This brief communiqué is but a reflection on the contemporary tribal situation in Darjeeling hills, West Bengal. Besides being the historical site of a durable ethnic conflict (i e, known as Gorkhaland movement) Darjeeling hills have acquired political prominence in the recent past for being the playground of intra-ethnic revivalism and tribalism. In addition to the Bhutias, Lepchas, Sherpas and Yolmos – the already designated tribes of Darjeeling district since India’s independence – majority of the hill communities today are busy both in claiming and establishing their claims of being a tribe of the region.

Nepali Social Structure

Indian Nepalis corroborate to the idea of a speech community that is composed of both caste Hindus and Indo-Mongoloid groups. Caste system has been the historical basis of Nepali social structure. Since Nepali caste system in Darjeeling hills has been lax in nature compared to its Nepal counterpart,[1] it successfully accommodated the Indo-Mongoloid groups into its fold. Sanskritsation had been at work in the hills ever since the mid-19th century. Available historical data is capable of establishing the fact that the Mongoloid communities felt content with the Nepali caste system and quite often despised the cause of being tribes.[2]

But in the new millennium the Tamangs along with Limbus did mobilise themselves for tribal status and were accorded with the scheduled tribe (ST) status in 2002. This energised the other Mongoloid groups (like Rais, Magars, Gurungs, Sunwars, Yakhas, Thamis to name a few) of Darjeeling hills clamour for the ST status. Such a programmatic vision for the attainment of protective discrimination measures by the majority of the hill communities is certainly an unprecedented phenomenon that ran parallel with the movement called Gorkhaland.

As is well known, tribal identity especially among the caste Hindu Nepalis, is arguably a contentious issue.

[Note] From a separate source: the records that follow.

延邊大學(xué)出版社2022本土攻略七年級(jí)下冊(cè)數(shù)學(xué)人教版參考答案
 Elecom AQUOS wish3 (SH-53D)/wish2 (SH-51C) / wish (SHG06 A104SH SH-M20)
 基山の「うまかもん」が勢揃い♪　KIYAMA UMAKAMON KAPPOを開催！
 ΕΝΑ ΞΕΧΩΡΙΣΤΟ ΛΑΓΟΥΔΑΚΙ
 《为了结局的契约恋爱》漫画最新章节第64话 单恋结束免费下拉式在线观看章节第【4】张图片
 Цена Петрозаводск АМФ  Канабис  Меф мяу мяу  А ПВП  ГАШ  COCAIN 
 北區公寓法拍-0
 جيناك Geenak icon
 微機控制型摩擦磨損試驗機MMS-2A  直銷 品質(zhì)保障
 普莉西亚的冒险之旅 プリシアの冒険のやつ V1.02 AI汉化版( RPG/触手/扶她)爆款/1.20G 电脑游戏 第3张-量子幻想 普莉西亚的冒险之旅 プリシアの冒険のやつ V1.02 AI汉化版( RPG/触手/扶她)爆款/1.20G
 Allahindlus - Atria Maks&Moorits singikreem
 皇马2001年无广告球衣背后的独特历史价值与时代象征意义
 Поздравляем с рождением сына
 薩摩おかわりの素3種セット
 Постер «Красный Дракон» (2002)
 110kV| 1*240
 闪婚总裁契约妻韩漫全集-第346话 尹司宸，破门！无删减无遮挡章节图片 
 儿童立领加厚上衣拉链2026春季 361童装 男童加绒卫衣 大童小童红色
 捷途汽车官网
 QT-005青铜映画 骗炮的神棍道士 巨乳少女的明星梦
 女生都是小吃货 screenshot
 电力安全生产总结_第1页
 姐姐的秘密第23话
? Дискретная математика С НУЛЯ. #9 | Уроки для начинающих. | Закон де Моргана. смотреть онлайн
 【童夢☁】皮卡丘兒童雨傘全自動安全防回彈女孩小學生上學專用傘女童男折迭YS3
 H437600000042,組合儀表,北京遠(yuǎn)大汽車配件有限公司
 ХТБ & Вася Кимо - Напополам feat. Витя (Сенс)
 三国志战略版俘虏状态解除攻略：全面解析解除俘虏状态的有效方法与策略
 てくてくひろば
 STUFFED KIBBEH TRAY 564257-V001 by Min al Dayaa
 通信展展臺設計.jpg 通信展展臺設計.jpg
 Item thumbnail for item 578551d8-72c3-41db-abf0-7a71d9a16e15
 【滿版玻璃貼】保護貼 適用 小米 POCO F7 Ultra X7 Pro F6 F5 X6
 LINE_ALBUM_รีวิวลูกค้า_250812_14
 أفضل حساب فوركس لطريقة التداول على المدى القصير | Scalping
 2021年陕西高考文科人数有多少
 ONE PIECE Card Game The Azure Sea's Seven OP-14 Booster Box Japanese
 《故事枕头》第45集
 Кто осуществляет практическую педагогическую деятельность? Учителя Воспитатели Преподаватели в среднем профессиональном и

During the late 1990s Subhash Ghising had to face socio-political upheavals as a ready reaction to his decision to play out the “tribal identity card” as a hold-all phenomenon for all the hill Nepalis including the Bahuns and Chhetris (twice born high castes) while the government took a “safer” stand by not indulging into the affairs of the hills. Similar kind of social undercurrent is at work now but the hill communities seem to be in agreement with the political project of tribal status so much so that the tagadharis (men of sacred thread – the higher caste groups) are inclined to join the race in which their matwali (men of liquor – the low caste/ status groups) counterparts have already made some discernable progress.

Role of GTA

These issues become a matter of wider significance when one notices that the tripartite agreement called Gorkhaland Territorial Administration (GTA), signed on 18 July, 2011, and the subsequent approval of the GTA Act, 2011 by the government by March 2012 incorporates in it a provision stipulating that the state government facilitate the demand of ST status for all the Gorkhas except the scheduled castes. Not surprisingly, the three designated Nepali scheduled castes like Kami (barbers), Damai (tailors), and Sarki (cobbler) numbering roughly 78,000 (as per 2001 census)[3] have now jumped into the bandwagon.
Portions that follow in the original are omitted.